Data extract ->

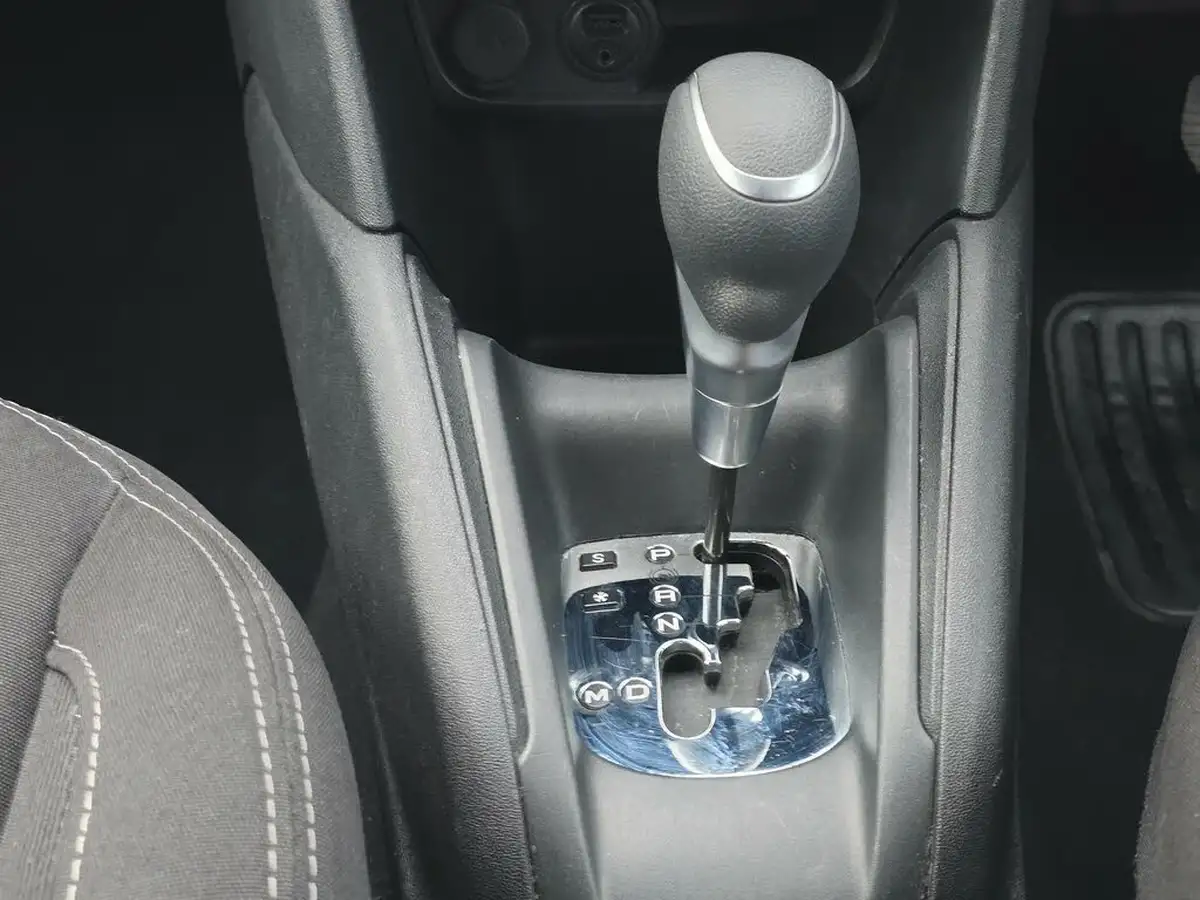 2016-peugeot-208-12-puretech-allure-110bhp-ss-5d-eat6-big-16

* * *

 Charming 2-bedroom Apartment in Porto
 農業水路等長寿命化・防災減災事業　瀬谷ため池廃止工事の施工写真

Aim of the task -> Write out exactly the lines that fall from the line with "Charming 2-bedroom Apartment in Porto" to the line with "農業水路等長寿命化・防災減災事業　瀬谷ため池廃止工事の施工写真" in the records above, keeping both ends.

Solution ->
 Charming 2-bedroom Apartment in Porto
 農業水路等長寿命化・防災減災事業　瀬谷ため池廃止工事の施工写真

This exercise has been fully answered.